Kaplan has performed with most of the major orchestras in the United States, including New York Philharmonic, Los Angeles Philharmonic, Cleveland Orchestra, Philadelphia Orchestra, the National Symphony Orchestra of Washington, D.C., as well as St Louis Symphony Orchestra, Pittsburgh Symphony Orchestra, Baltimore Symphony Orchestra, Minnesota Orchestra, Cincinnati Symphony Orchestra, Dallas Symphony Orchestra, and Houston Symphony.

He has also performed widely in international settings, since his European debut in 1975 when he was asked to substitute for Pinchas Zuckerman, playing the Bartók Concerto in Cologne under the baton of Lawrence Foster. He has since made concerto and recital appearances in London, Berlin, Paris, Vienna, Prague, Zurich, Amsterdam, Copenhagen and Milan, as well as in Australia, New Zealand, Malaysia, Hong Kong and Singapore. In Australia, Kaplan appeared for the Australian Broadcasting Corporation, playing with the Queensland Orchestra in Brisbane in 2009.
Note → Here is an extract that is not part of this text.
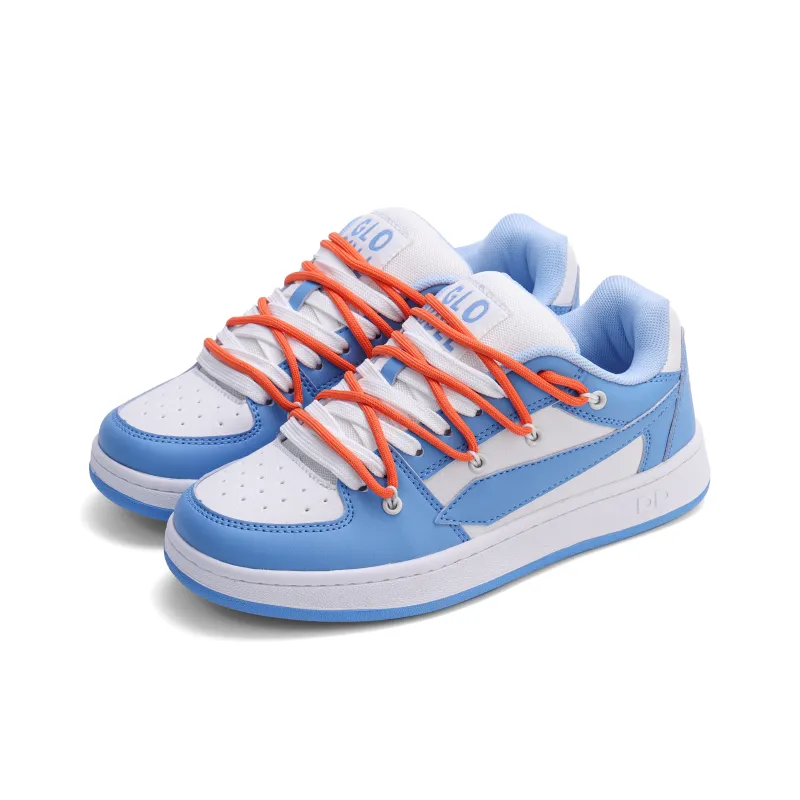 GLO BULL Skateboard Shoes Unisex Low Top Double Strap White Blue-2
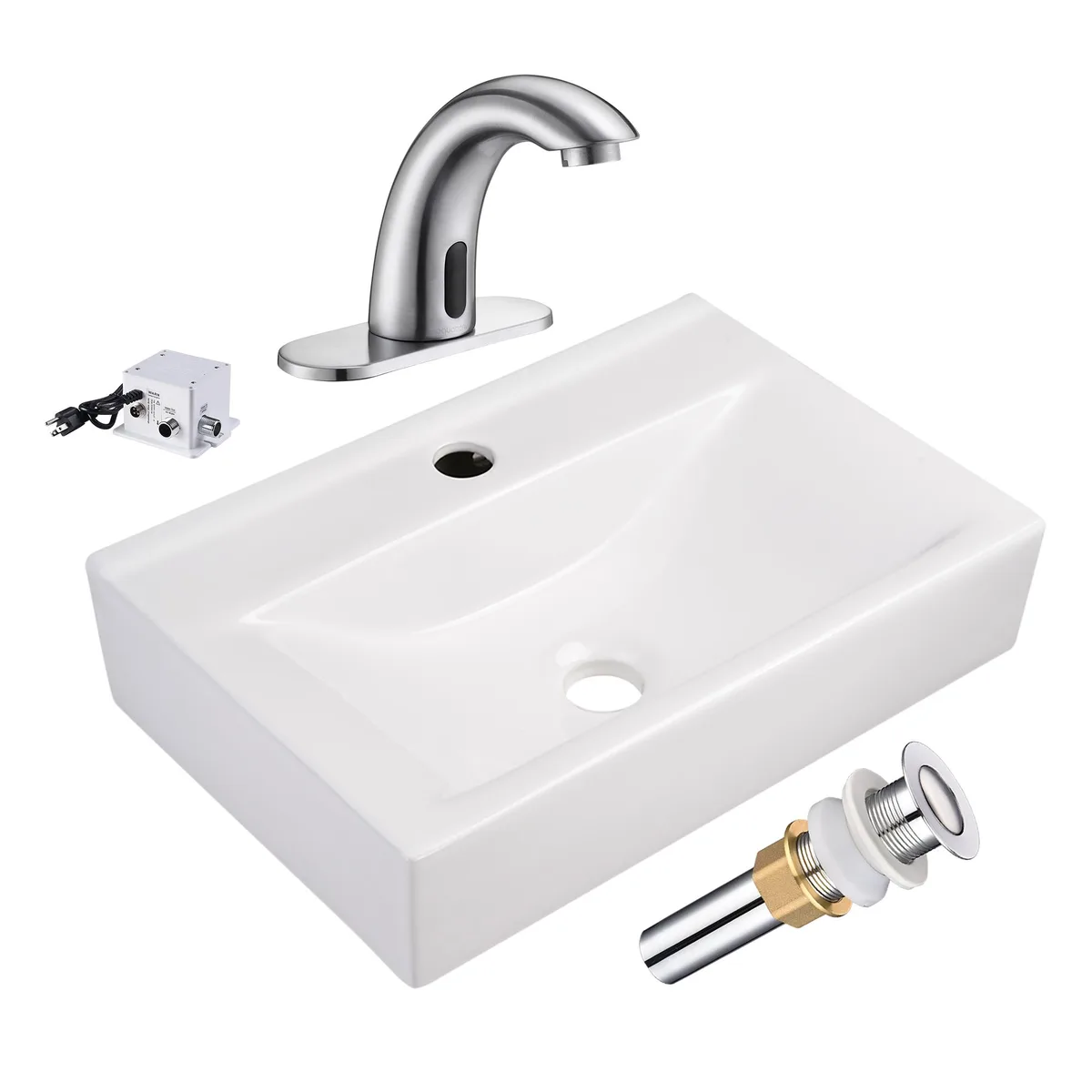 Aquaterior Aquaterior 80PSKSET025-FH1005-BN undermount bathroom sink 18 — product photo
In addition to his solo work, Kaplan records and performs with pianist Yael Weiss and cellist Peter Stumpf as the Weiss-Kaplan-Stumpf Trio. He previously performed and recorded for two decades in the Golub-Kaplan-Carr trio, with cellist Colin Carr and pianist David Golub.

==Works==
Kaplan's second recording of the solo violin works of JS Bach was issued in early 2016 on Bridge Records, alongside a Weiss-Kaplan-Stumpf Trio recording of Fred Lerdahl’s "Times 3". In 2014 was released (also for Bridge) of a CD with new American Piano Trios, joining a 2011 recording of Brahms and Smetana Trios. Other recent recordings include concerti of Berg and Stravinsky, the Lalo Symphonie Espagnole and the Concierto Espagnol of Joan Manen, all under the baton of Lawrence Foster, as well as Lewis Spratlan’s Concertino and the tone poem, Le Ménétrier, by Max d’Ollone. Kaplan's discography also includes the Bartók Violin Concerto No. 2 and Dohnanyi Violin Concerto No. 2, violin concerti of Paganini, Wieniawski and Viotti; the Brahms Double Concerto; Spanish Dances of Sarasate; various works of Bartók including the Solo Sonata; violin and piano sonatas of Schumann with Anton Kuerti; and trios of Brahms, Debussy, Dvorak, Fauré, Mendelssohn, Rachmaninov, Saint-Saëns, Schubert, Smetana and Tchaikowsky. The Golub-Kaplan-Carr Trio's recording, on Arabesque Records, of Tchaikovsky and Smetana trios, received an INDIE Award for Best Classical Album by an Ensemble.

==Personal life==
Kaplan plays a violin made by Antonio Stradivari in 1685, named "The Marquis" after the Marchese Spinola, whose family owned the violin for several generations. Both of his sons are also musicians: Edwin Kaplan is a member of the Tesla Quartet, and David Kaplan is a piano soloist and faculty member at UCLA.